Auch die heutige Parteiführung, wiewohl aufgrund aus dem Spendenskandal resultierender Zwänge runderneuert, ist eine auf Abruf, denn die Zahl derer, die den Fraktionsvorsitzenden Merz für überfordert und die "Ossifrau" Merkel als für eine autoritative Führung zu schwach halten, steigt schon jetzt. Die Skandale der Union haben die gesetzestreuen oder "moralisch denkenden" Anhänger zutiefst verunsichert. Der strahlende "Kanzler der Einheit" ein mafia- artiger Pate — der Schock in der christlichen und konservativen Wählerschaft, besonders bei den ihr treuen älteren, sitzt tief. Sofern überhaupt noch junge Leute in die Union eintreten, benutzen sie die Partei als Sprungbrett und Sicherheitsnetz für die eigenen Karriereabsichten.
Der fast vollständige Zerfall klassischer Wählerbindungen besonders bei jungen Leuten bringt in einer Zeit zerbrochener oder fehlender Utopien einen neuen Typus von Politiker hervor: den Politikverkäufer. Inhaltlich bietet er das, was der opportunistische Zeitgeist gerade verlangt, also in den unzähligen Fernsehkanälen an den Mann oder die Frau gebracht wird, ansonsten geht er mit dem (eroberten oder gewünschten) Marktanteil hausieren: Bei Möllemann und Westerwelle sind es die berühmten 18%.

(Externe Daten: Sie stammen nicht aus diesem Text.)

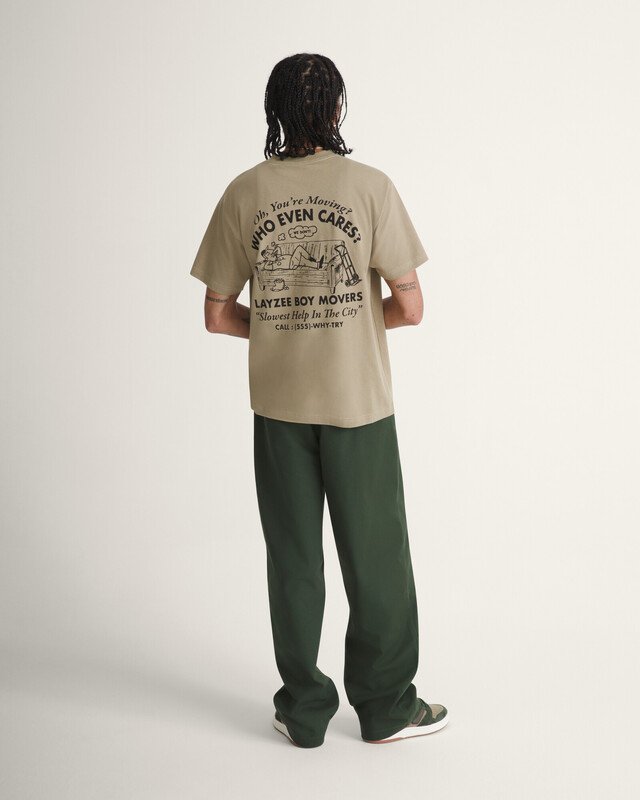 Calça Authentic Chino Loose Dried Kelp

Ein im Sonnenstudio gebräuntes Antlitz oder eine sportliche Anstrengung machen sich immer gut, und die Anzüge müssen natürlich von einem Mailander oder Pariser Modehaus stammen, wie beim Kanzler und seinem grünen Adlatus. Was zählt, ist die "performance". Noch ist aber nicht ausgemacht, dass die marktschreierische Verpackung die Unwirtlichkeit der Verhältnisse langfristig zudecken kann.